Available records below:

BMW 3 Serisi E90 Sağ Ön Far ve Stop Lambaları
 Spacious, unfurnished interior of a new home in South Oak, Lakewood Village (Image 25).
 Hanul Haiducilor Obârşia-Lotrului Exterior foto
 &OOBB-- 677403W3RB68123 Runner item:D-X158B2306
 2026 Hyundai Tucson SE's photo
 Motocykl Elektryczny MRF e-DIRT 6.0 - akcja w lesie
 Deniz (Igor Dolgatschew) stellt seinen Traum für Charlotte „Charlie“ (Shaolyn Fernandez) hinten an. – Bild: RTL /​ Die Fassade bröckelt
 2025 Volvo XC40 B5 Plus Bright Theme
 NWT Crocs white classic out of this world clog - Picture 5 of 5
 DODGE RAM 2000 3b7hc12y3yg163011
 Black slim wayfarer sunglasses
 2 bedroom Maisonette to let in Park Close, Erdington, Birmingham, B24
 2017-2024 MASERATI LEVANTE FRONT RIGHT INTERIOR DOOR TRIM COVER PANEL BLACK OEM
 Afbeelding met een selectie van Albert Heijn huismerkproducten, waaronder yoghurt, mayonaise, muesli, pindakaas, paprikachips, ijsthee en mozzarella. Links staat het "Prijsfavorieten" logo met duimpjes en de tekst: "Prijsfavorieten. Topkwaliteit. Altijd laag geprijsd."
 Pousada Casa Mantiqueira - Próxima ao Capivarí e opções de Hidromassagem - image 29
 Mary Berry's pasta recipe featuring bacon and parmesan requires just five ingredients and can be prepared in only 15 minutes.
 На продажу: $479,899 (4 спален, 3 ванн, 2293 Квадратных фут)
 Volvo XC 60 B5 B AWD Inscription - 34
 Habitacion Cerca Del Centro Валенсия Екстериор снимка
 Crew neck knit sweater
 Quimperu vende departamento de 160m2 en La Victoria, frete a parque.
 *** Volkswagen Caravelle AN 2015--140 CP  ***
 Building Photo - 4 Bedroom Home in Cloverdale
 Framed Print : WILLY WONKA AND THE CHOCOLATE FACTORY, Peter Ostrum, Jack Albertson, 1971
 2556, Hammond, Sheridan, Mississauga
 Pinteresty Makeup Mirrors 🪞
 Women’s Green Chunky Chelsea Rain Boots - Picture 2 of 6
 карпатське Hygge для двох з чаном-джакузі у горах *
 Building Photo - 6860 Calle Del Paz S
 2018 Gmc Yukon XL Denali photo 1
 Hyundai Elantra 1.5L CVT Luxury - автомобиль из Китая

End of Available records.

## Task statement:
Among the lines above, find those holding "Volvo" and copy each one.

## Solution to this task:
 2025 Volvo XC40 B5 Plus Bright Theme
 Volvo XC 60 B5 B AWD Inscription - 34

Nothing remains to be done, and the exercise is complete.